───── DATA PROVIDED
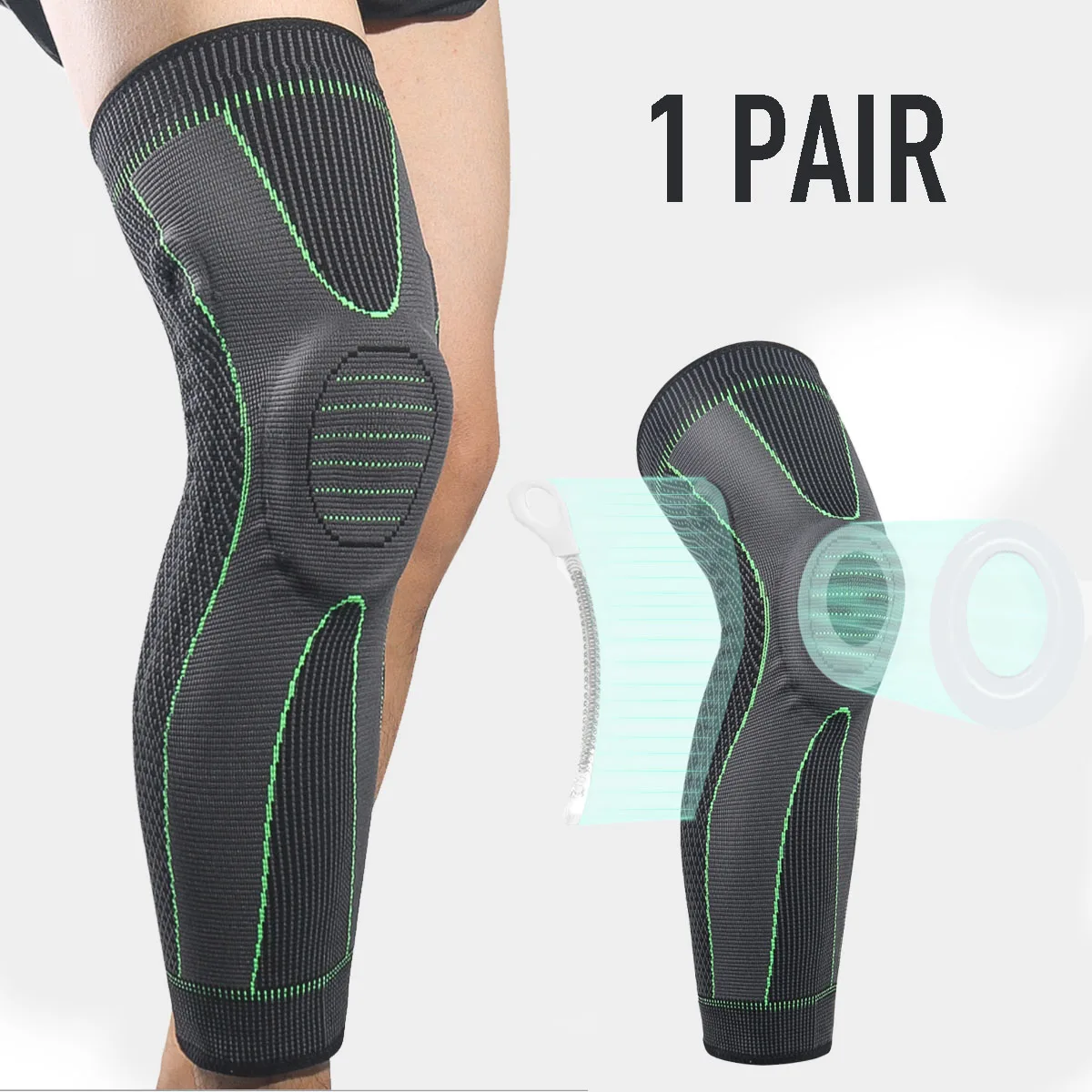 

YYTZM Ship From USA Elasticity Long Knee Protector Brace Leg Sleeve Calf Knee Support Brace Protector Leg Warm Sports Kneepads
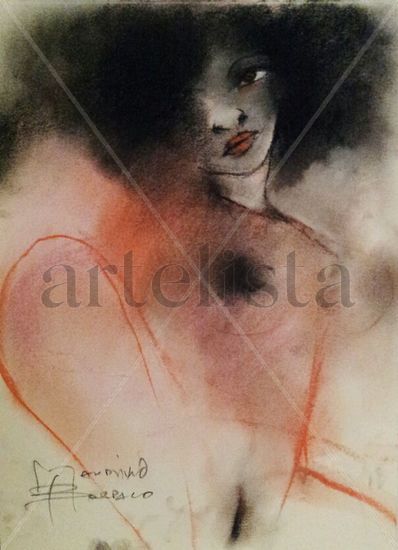 ojos rosas Pastel Paper Figure Painting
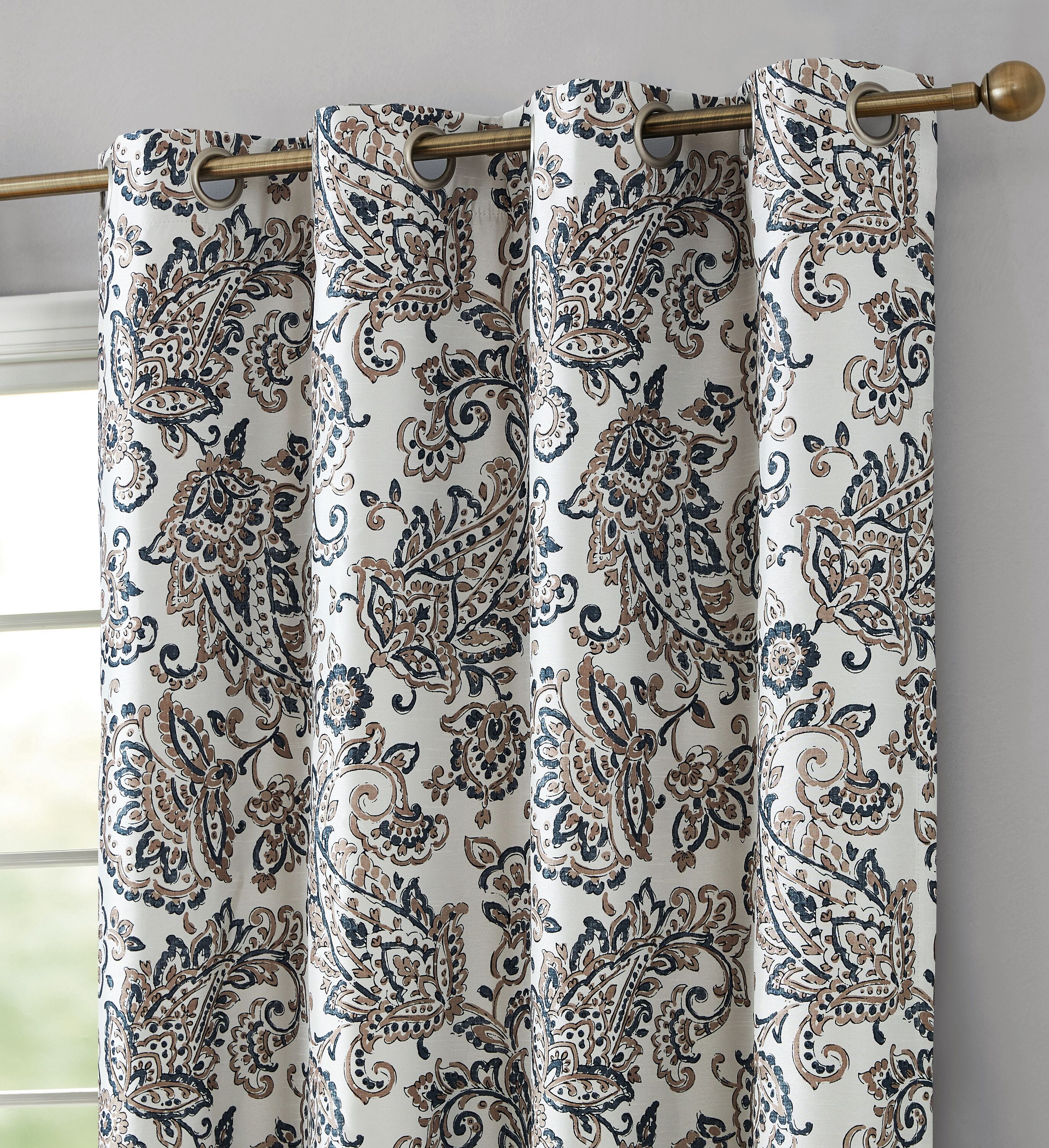 Totally Home Decor AMALFI-72-TAUP 72-Inches Taupe Paisley Blackout Grommet Curtain panel pair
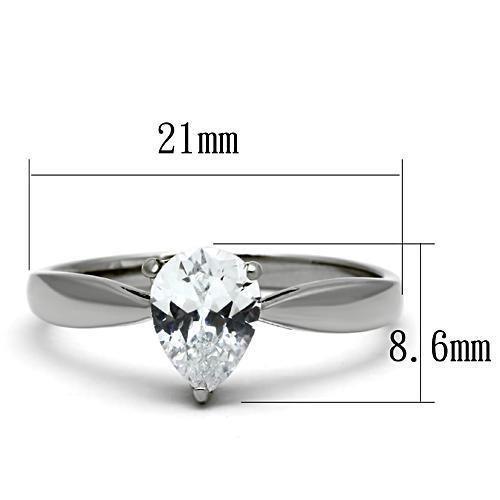 TK994 - High polished (no plating) Stainless Steel Ring with AAA Grade - Brand My Case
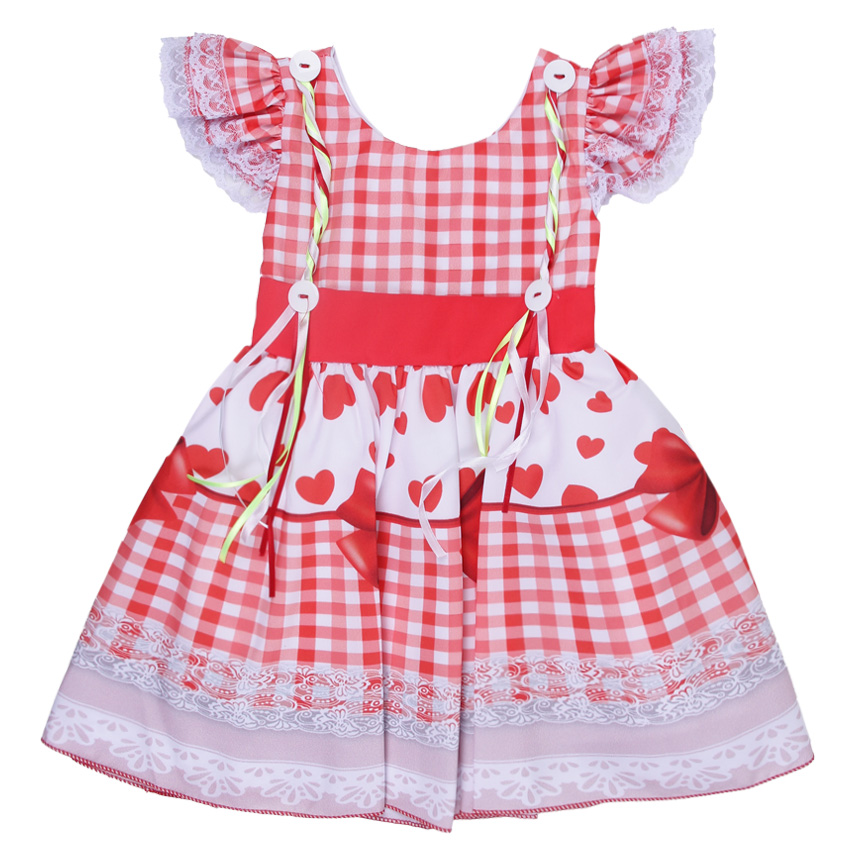 Vestido Infantil D-Luxe Estampa Corações E Botões Com Fitas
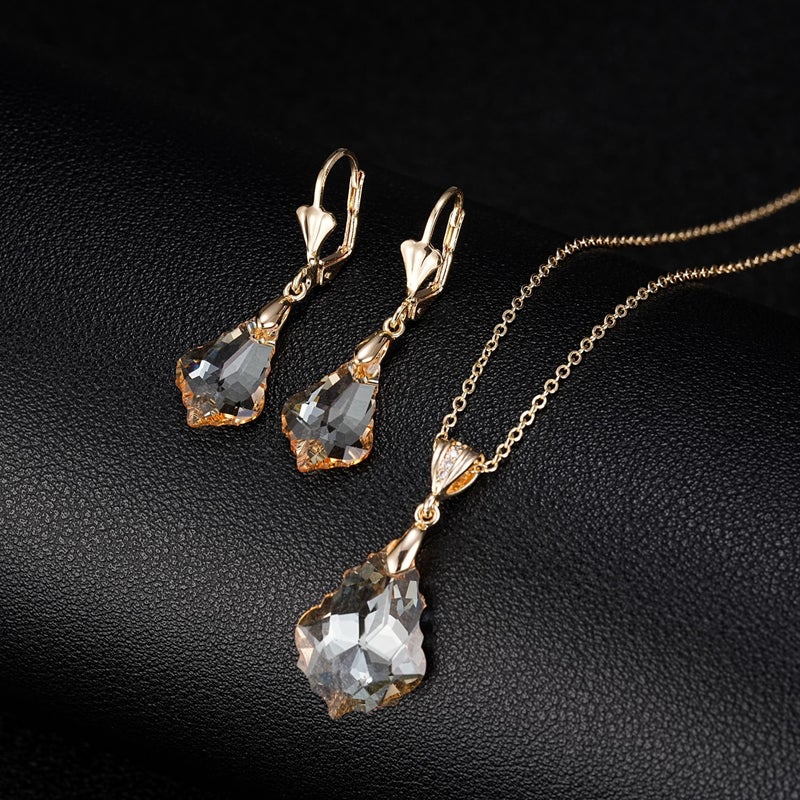 EVEVIC Austrian Crystals Baroque Pendant Necklace Earrings for Women 14K Gold Plated Hypoallergenic Leverback Drop Dangle Earrings Jewelry Set (Light Topaz) - Image 5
──────────
PROBLEM STATEMENT: An exact copy of every entry, without pictures, should be your output.

EXERCISE OUTPUT:
YYTZM Ship From USA Elasticity Long Knee Protector Brace Leg Sleeve Calf Knee Support Brace Protector Leg Warm Sports Kneepads
 ojos rosas Pastel Paper Figure Painting
 Totally Home Decor AMALFI-72-TAUP 72-Inches Taupe Paisley Blackout Grommet Curtain panel pair
 TK994 - High polished (no plating) Stainless Steel Ring with AAA Grade - Brand My Case
 Vestido Infantil D-Luxe Estampa Corações E Botões Com Fitas
 EVEVIC Austrian Crystals Baroque Pendant Necklace Earrings for Women 14K Gold Plated Hypoallergenic Leverback Drop Dangle Earrings Jewelry Set (Light Topaz) - Image 5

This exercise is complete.